Photo: freemalaysiatoday
サウジアラビアは6日、イランが支援するレバノンのヒズボラの攻撃をサウジアラビアによる宣戦布告とみなして強く非難した(ロイター)。敵対関係にあるサウジアラビアとイランはレバノンでたびたび衝突を繰り返してきた。レバノン首相のサード・アリ・ハリリ氏はイランの圧力に抗議して4日、辞任を決めている。
ヒズボラの背後にイラン
サウジアラビア湾岸総務大臣サマール・サバン氏はヒズボラ攻撃を指して、レバノン政府の行為はサウジアラビアへの宣戦布告であり、辞任したサード・アリ・ハリリ氏の在任中、ヒズボラ攻撃を中止させる機会があったとして強く抗議する姿勢を示した。
サマール・サバン氏はまたレバノン政府は全面戦争リスクを認識してヒスボラ政策を実行する必要があることを強調した。レバノンは1975-90年代の内戦で疲弊し現在でも復興の最中にあり、シリア難民の4人に1人はレバノン出身者だといわれる。ヒズボラの軍事力はレバノン政府軍より強大で背後でイラン政府が支援していることから、紛争激化でサウジアラビアとイランの戦争危機が視野に入ってきた。
突然のレバノン首相辞任劇の背景
サード・アリ・ハリリ氏は辞任に際しては暗殺計画が発覚していることを公表している。突然の辞任劇にはレバノンにある同氏の所有するサウジアラビアにある建設会社が汚職を理由に差し押さえられたことで辞任に追い込まれたとされる。辞任の真相は不明であるがサウジアラビアがレバノン内政に干渉せざるをえない現状は、イランの圧力が強まっていることを物語っている。今後、紛争がエスカレートすれば直接的な戦争へ発展する懸念がある。
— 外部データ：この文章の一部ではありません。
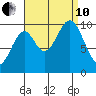 Shakan Strait tide chart for Tuesday, September 10, 2024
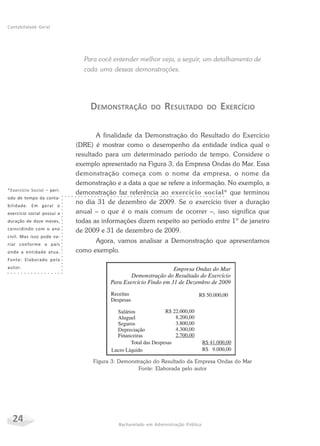 24 Bacharelado em Administração Pública
Contabilidade Geral
Para você entender melhor veja, a seguir, um detalhamento de
cada uma dessas demonstrações.
DEMONSTRAÇÃO DO RESULTADO DO EXERCÍCIO
A finalidade da Demonstração do Resultado do Exercício
(DRE) é mostrar como o desempenho da entidade indica qual o
resultado para um determinado período de tempo. Considere o
exemplo apresentado na Figura 3, da Empresa Ondas do Mar. Essa
demonstração começa com o nome da empresa, o nome da
demonstração e a data a que se refere a informação. No exemplo, a
demonstração faz referência ao exercício social* que terminou
no dia 31 de dezembro de 2009. Se o exercício tiver a duração
anual – o que é o mais comum de ocorrer –, isso significa que
todas as informações dizem respeito ao período entre 1º de janeiro
de 2009 e 31 de dezembro de 2009.
Agora, vamos analisar a Demonstração que apresentamos
como exemplo.
*Exercício Social – perí-
odo de tempo da conta-
bilidade. Em geral o
exercício social possui a
duração de doze meses,
coincidindo com o ano
civil. Mas isso pode va-
riar conforme o país
onde a entidade atua.
Fonte: Elaborado pelo
autor.
Figura 3: Demonstração do Resultado da Empresa Ondas do Mar
Fonte: Elaborada pelo autor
Updated 11.11.2017 11:02 (JST)
11月9日、サウジアラビア政府はレバノンに滞在している国民に帰国を求めた。サウジアラビア外務省の通達によれば、一時入国、移住の区別なくすべてのレバノン滞在国民はただちに帰国するように求めている。
また同様の通達はバーレーン政府もほぼ同時に出しており、中東戦争の勃発のリスクが高まっている。
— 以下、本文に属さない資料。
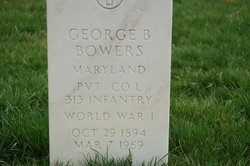 George Bonaventure Bowers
ロイターによれば辞任した前首相のハリリ氏はリャドに拘束されているため、イラン政府が外交筋を通じて身柄を引き取るよう工作を続けている。ハリリ氏に近い情報では辞任はサウジアラビア政府の圧力によるものだとしている。ハリリ氏の辞任演説でもこのことにふれて「生命の危険」と表現している。